You may have to reference your textbook or another reference to gain sufficient understanding of
your experimental outcomes! 🙂

1. State and interpret your results for the enzyme experiment at each of the four temperatures.
Did your results make sense? Why or why not?
What did your results tell you about enzyme activity under each temperature condition?
Why did invertase behave the way it did in each condition?
What conclusions can you draw about the activity of invertase in biological organisms?
Use your textbook and other resources to better understand and explain your results.
ANY INFORMATION YOU DERIVE FROM ANOTHER SOURCE MUST BE CITED.
2. State and interpret your results for the enzyme experiment at each of the four pH levels.
Did your results make sense? Why or why not?
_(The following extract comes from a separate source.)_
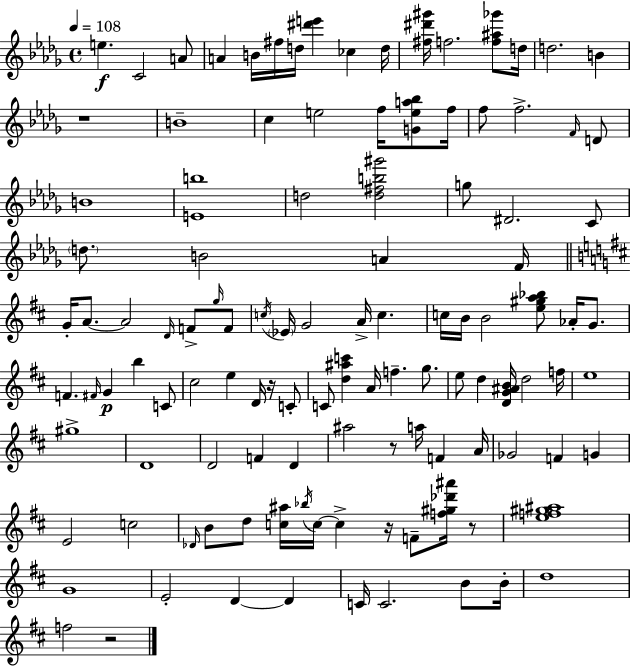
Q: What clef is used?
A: treble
What did your results tell you about enzyme activity under each condition?
Why did invertase behave the way it did in each condition?
What conclusions can you draw about the activity of invertase in biological organisms?
Use your textbook and other resources to better understand and explain your results.
ANY INFORMATION YOU DERIVE FROM ANOTHER SOURCE MUST BE CITED.
3. Create a diagram or flow chart showing the experimental procedure for the enzyme temperature
and pH experiments.
4. Explain the chemistry behind Benedict’s reagent. How is Benedict’s reagent affected by the
presence of reducing sugars? Chemically speaking, why does this change take place?
5. Given your answers to question 4, why do we use Benedict’s reagent to test for the activity of
invertase?
6. Draw the chemical equation for the breakdown of sucrose.